No contexto da implementação do Sistema de Saúde Digital no Brasil, é importante considerar os investimentos dos recursos públicos que se fazem necessários para viabilizar a oferta de atendimento remoto, objetivando diminuir as longas filas de espera, descentralizar o suporte médico e viabilizar o acesso de pacientes situados em regiões distantes a uma equipe multiprofissional. Porém, para que esse cenário de fato se concretize, é indispensável a consolidação da atenção básica à saúde nos municípios.
A estruturação sólida da atenção básica se constitui como o alicerce fundamental sobre o qual deve se edificar a realidade da saúde digital, dado que, na ausência de um modelo de atenção básica robusto e alicerçado em recursos públicos, toda a tentativa de se implementar o modelo tecnológico poderia encontrar-se em risco, especialmente no que se refere à efetiva implementação da telessaúde.
Outra limitação para a implantação da Saúde Digital no SUS é no que diz respeito ao contexto de territorialização dos usuários. É evidente que a restrição nos aportes de recursos ao SUS acarretará em um obstáculo significativo para uma adoção mais abrangente de um sistema de telessaúde na esfera da atenção básica nos diversos territórios do país.
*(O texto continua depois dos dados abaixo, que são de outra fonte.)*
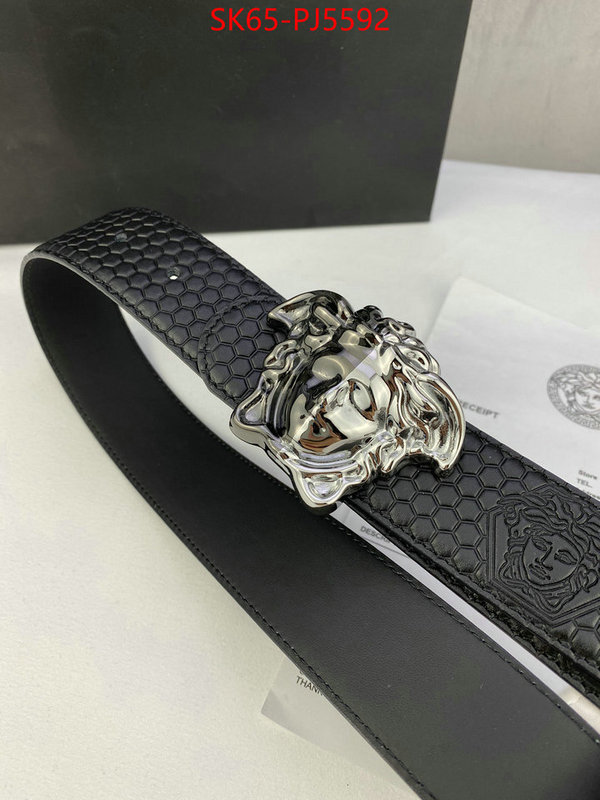 Belts-Versace ID: PJ5592 $: 65USD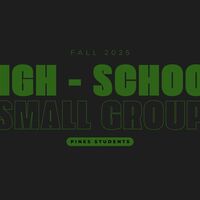 Logo for High-School Small Group
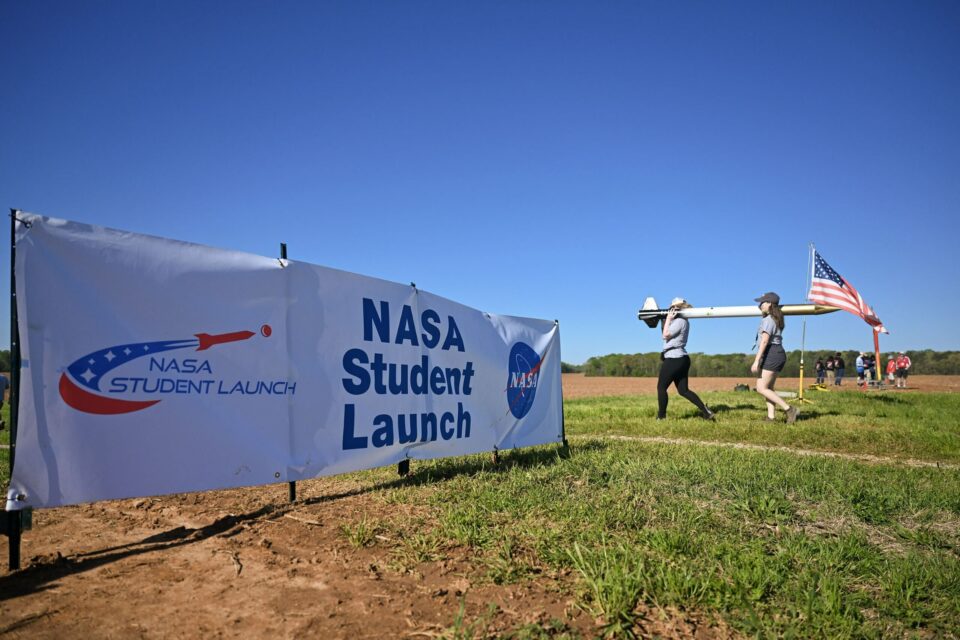NASA Announces Winners of 2024 Student Launch Competition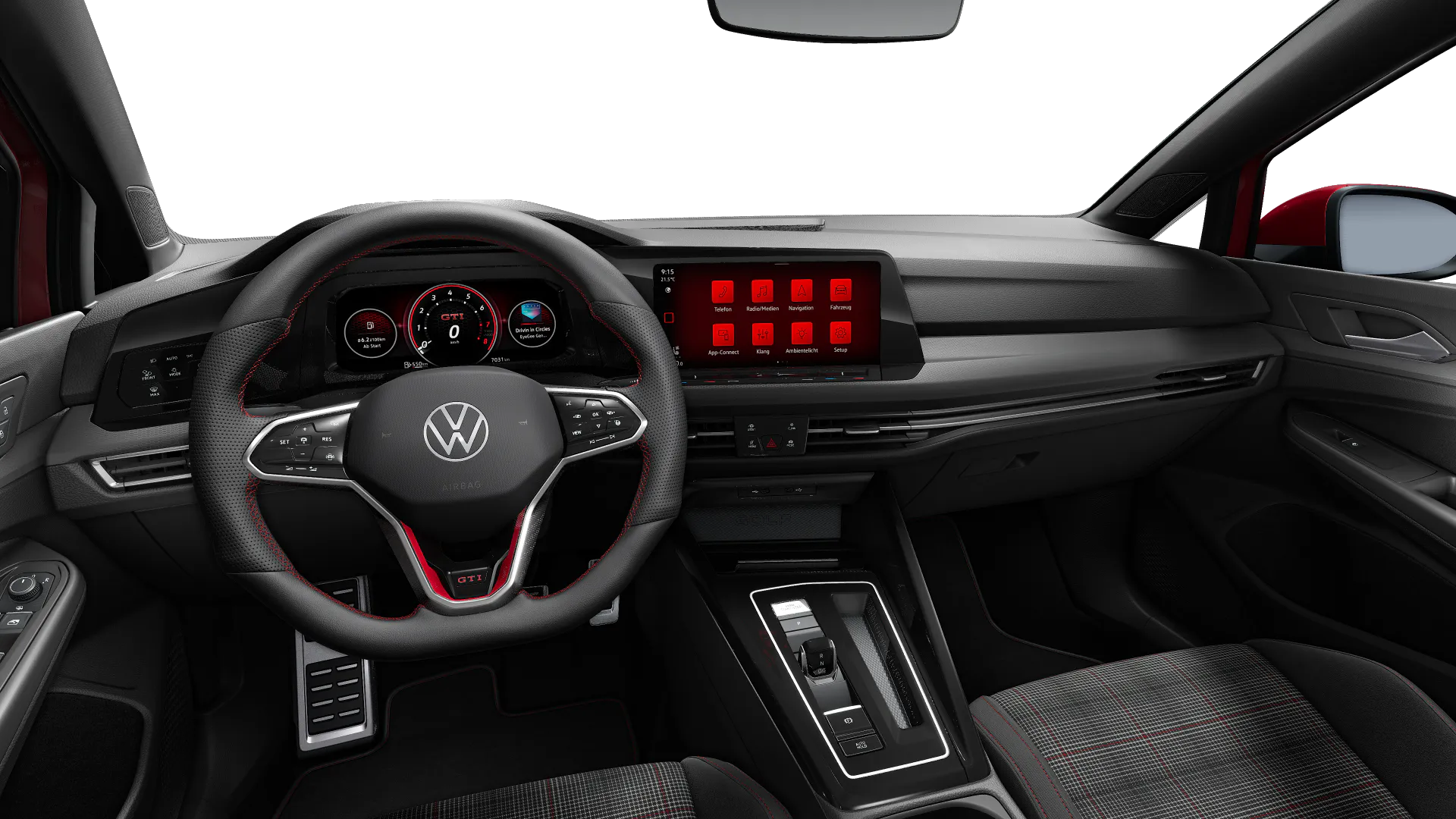 Volkswagen Golf GTI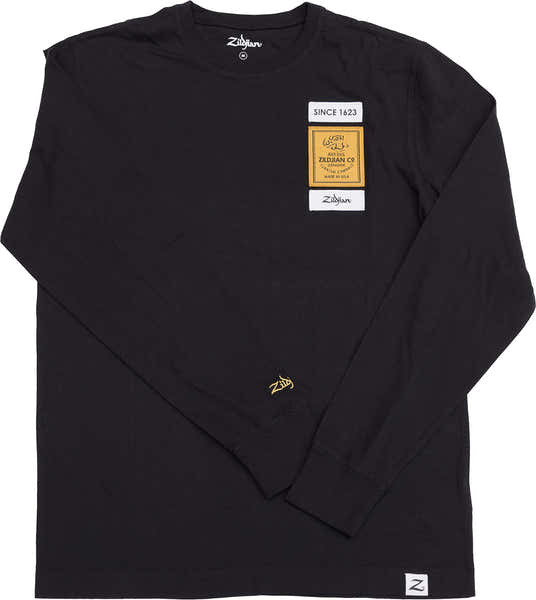 Zildjian Long sleeve - 2XL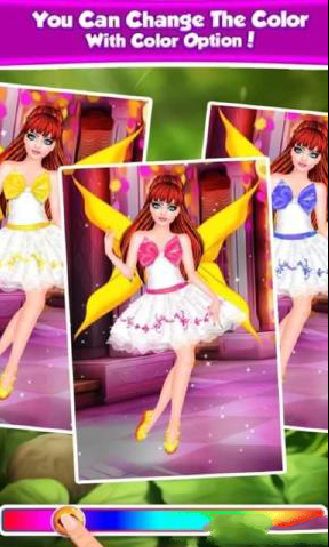 ŮʱɳϷ׿棨Fairy Doll Fashion Salonͼ4: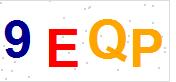 看不到验证码？点击重新换一个！
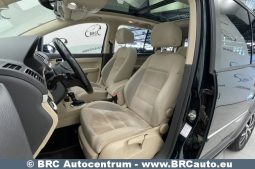 Volkswagen Touran 1.6TDI DSG Automatas 2013 full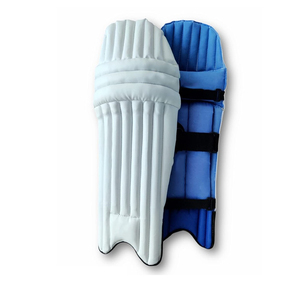 Nouveaux protège-tibias de cricket personnalisés avec logo, de haute qualité, pour adultes, légers et durables - Product Image 1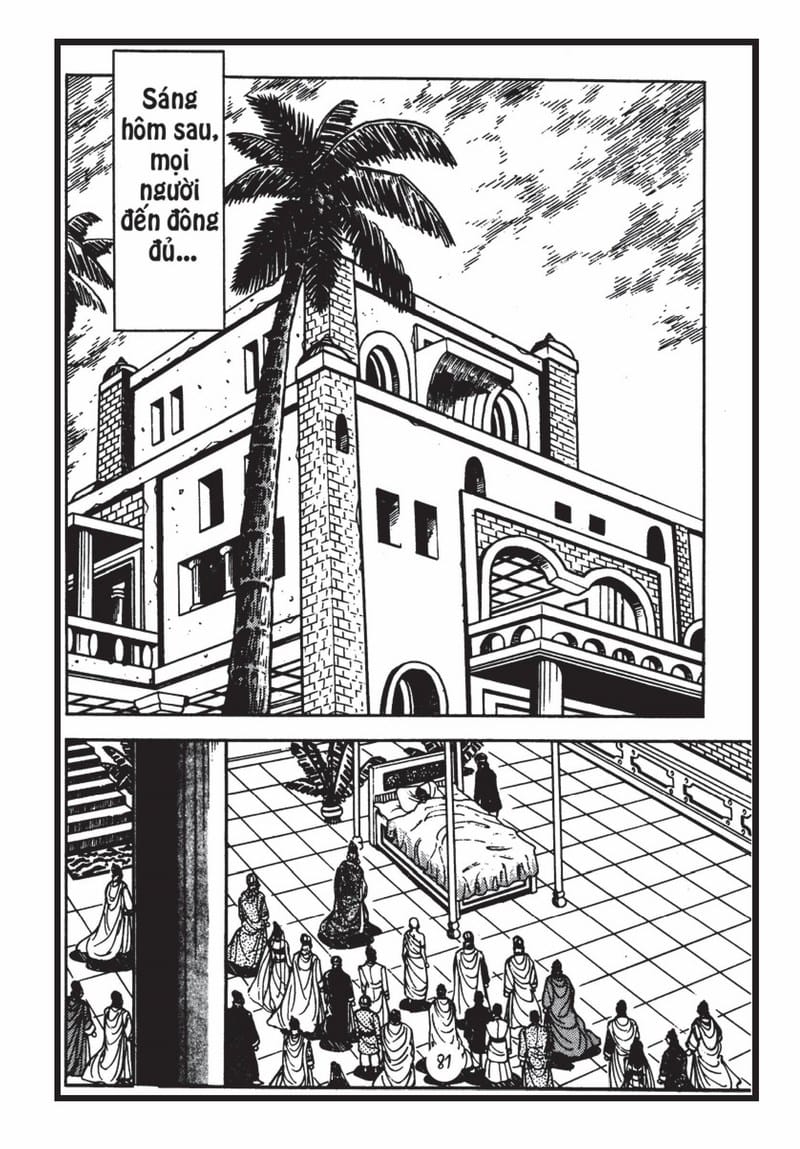 Bảy Thí Dụ Trong Kinh Pháp Hoa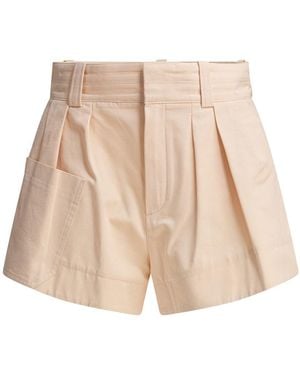 Chloé Shorts - Natural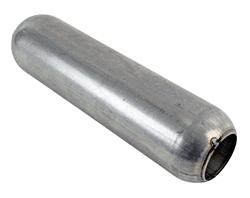 Jones Exhaust Glasspack Steel 2.5 Inch Muffler A4515B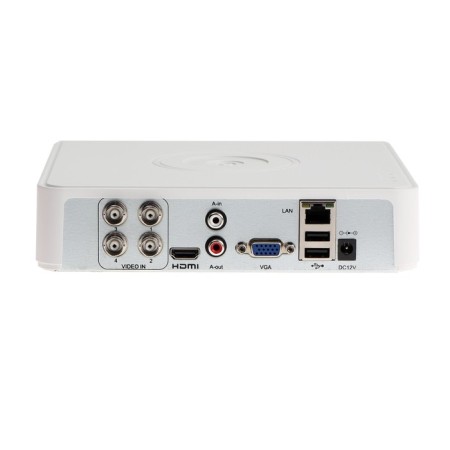 Hybrid DVR EL RA-241E, AHD/TVI/CVI/XVI/CVBS/IP, 1080 rub, 4 channels-2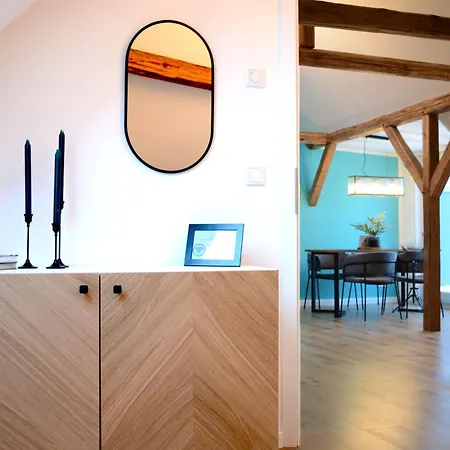 شقة Msf Tuerkiser Wolf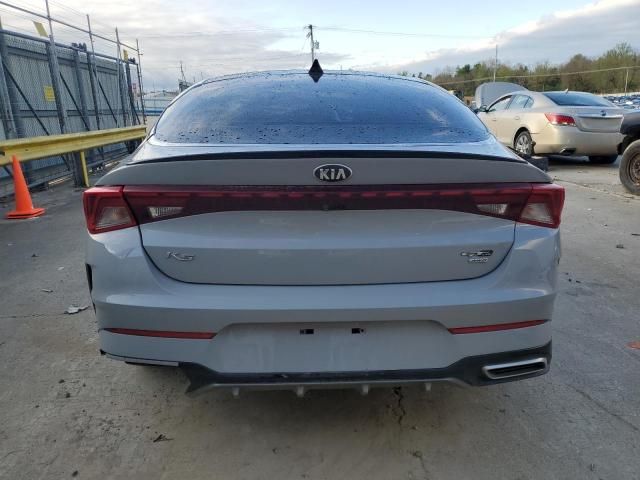 2021 KIA K5 GT Line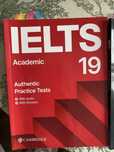 Книги подготоке к IELTS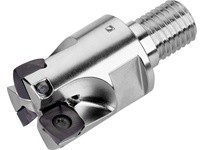 Pramet 32E3R040M16-SZD12-C 6759673 Modular Head for High Feed Milling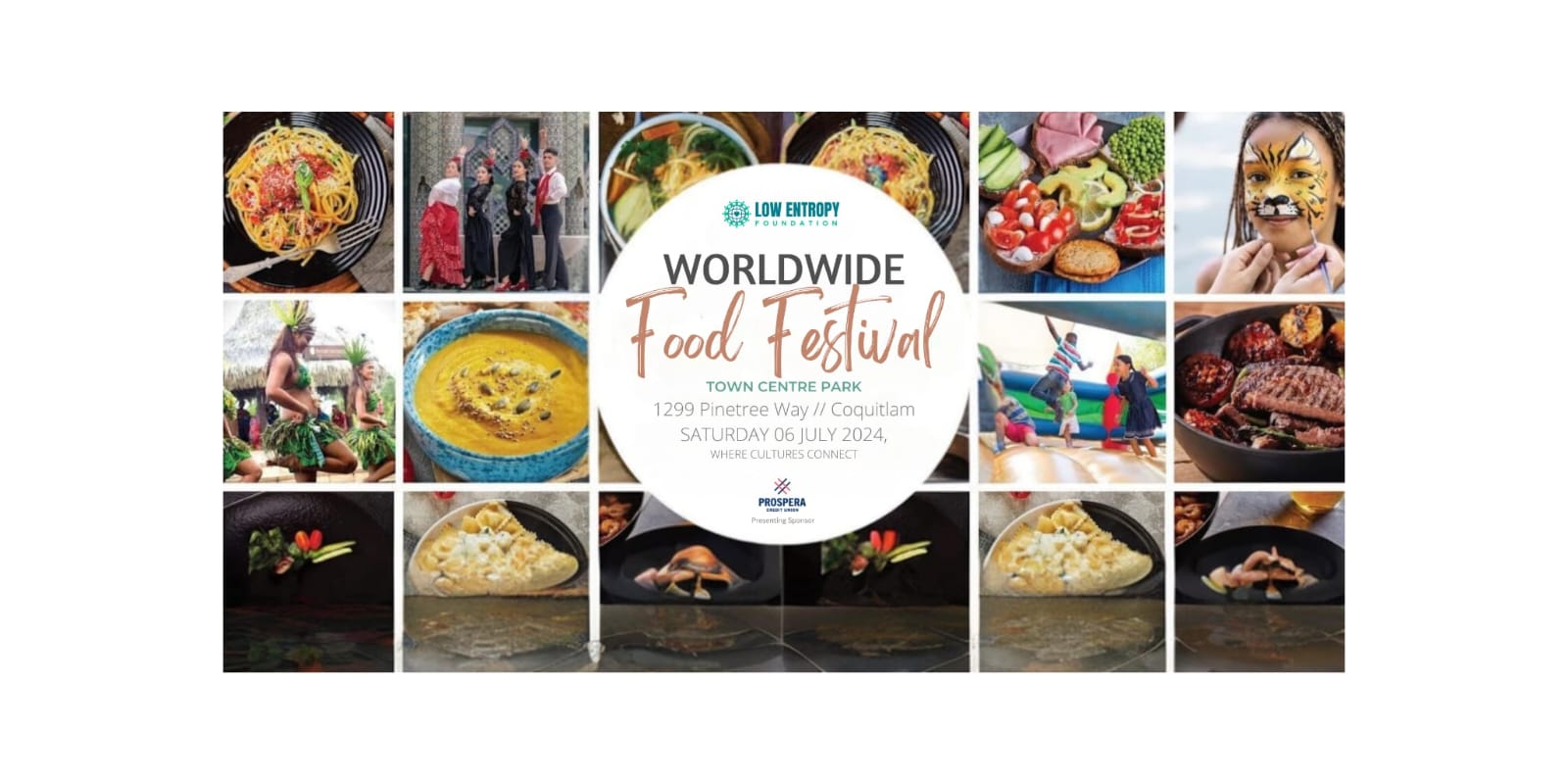 World Wide Food Festival 2024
O desafio, portanto, será aplicar a telessaúde em um contexto de territórios com condições de vida específicas, levando em consideração a diversidade sociopolítica e econômica dos centros urbanos, além de lugares distantes, comunidades ribeirinhas, pesqueiras, quilombolas, indígenas, rurais e assentamentos em que a atuação dos profissionais de saúde ainda é limitada.
Além disso, um fator importante é a participação social como pilar fundamental e um dos princípios fundamentais do SUS. A sociedade precisa ser consultada e envolvida na construção do modelo de saúde que a telessaúde irá proporcionar, para garantir a construção coletiva do novo sistema de saúde digital e que contenha a privacidade, a proteção e segurança dos dados dos usuários.
É imperativo que sejam pensadas medidas rigorosas para garantir a proteção desses dados, através de modelos de sistemas de informações públicas fortalecendo o departamento de informática do Sistema Único de Saúde do Brasil (DATASUS), que foi desestruturado em governos anteriores para atender a agenda das grandes empresas de processamentos de dados do exterior. Com um DATASUS fortalecido e com investimento público, é possível que esses dados sensíveis dos usuários não sejam manipulados para fins comerciais e outras finalidades.
É fato que a saúde digital pode ser uma aliada de enorme potencial na busca por um sistema de saúde que seja tanto acessível quanto de alta qualidade para toda a população. No entanto, é imprescindível que se promova um diálogo abrangente acerca desse tema, considerando a complexidade territorial do país.
O objetivo primordial da implementação do sistema de saúde digital, que está sendo construído pela nova gestão do Ministério da Saúde, deve consistir primeiramente em fortalecer o acesso ao SUS, através da consolidação de uma base sólida na atenção básica, garantindo a participação social.
Enquanto nos deparamos com os interesses privados na esfera da saúde tentando um espaço no novo modelo por meio de empresas de tecnologia, é crucial reafirmar que a saúde representa um direito universal e precisa ser público, gratuito e de qualidade. A preservação deste princípio fundamental se torna indispensável, ressaltando que a privatização, por sua vez, não tem a capacidade de atender as necessidades primordiais em relação à saúde, nem de viabilizar a aplicação efetiva do modelo de saúde digital no contexto nacional dada a sua limitação de infraestrutura. É necessário defender um modelo de Saúde Digital que deve estar a serviço do SUS e a serviço da população brasileira.